The incident occurred during a cruise in late May in the pool area. There is a balcony (mezzanine deck) above the pool which is protected by a handrail with composite glass panels underneath; there is a 30-50mm gap between the base of the panels and the deck. The area is used as a self-service cafeteria and passengers collect trays and take them to tables.
The incident involved a tray being dislodged from the table, through the gap under the composite glass panels and into the pool; fortunately without injury to a swimmer. The trays used are of robust construction and could have caused injury.
I reported the incident onboard and have subsequently been dealt with by customer relations, but I (a former professional seafarer) have not been entirely satisfied with the outcome.
Onboard the incident was reportedly discussed by the Staff Captain at a meeting where it was decided that the incident was a “one off” and unlikely to recur. I dispute this judgement.
Customer relations have informed me that there is 1500m of this type of railing on the ship and modifications would be unreasonable. My concern relates to the cafeteria area around the pool, where the risk exists.
CHIRP forwarded the report to the vessel operator, who responded as follows:
“We do take safety issues very seriously on our ships and having visited the area your correspondent mentions I can understand his concern. In response to this issue we do not consider `filling’ the gap between the composite glass panel and the deck is appropriate in this instance.
However, steps have been taken to coat the underside of the trays with a non-slip material to ensure that they will not be as easily dislodged in the future.

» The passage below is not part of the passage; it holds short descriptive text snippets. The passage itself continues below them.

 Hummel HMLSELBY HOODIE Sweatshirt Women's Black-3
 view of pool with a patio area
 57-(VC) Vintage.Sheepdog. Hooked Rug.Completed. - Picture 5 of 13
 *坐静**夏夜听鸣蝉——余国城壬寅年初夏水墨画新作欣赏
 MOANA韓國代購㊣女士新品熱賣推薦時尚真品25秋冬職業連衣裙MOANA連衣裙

The ship’s staff also try to encourage the passengers to remain in the open deck area of the cafeteria with their trays rather than carry them up to the deck above the pool.
This issue will continue to be monitored to ensure that appropriate steps are taken in the unlikely event of there being a similar occurrence in the future.”
Some Administrations require passenger vessels to maintain risk registers or similar documents and the Board wishes to emphasise the importance of identifying and mitigating the risks of “routine” activities.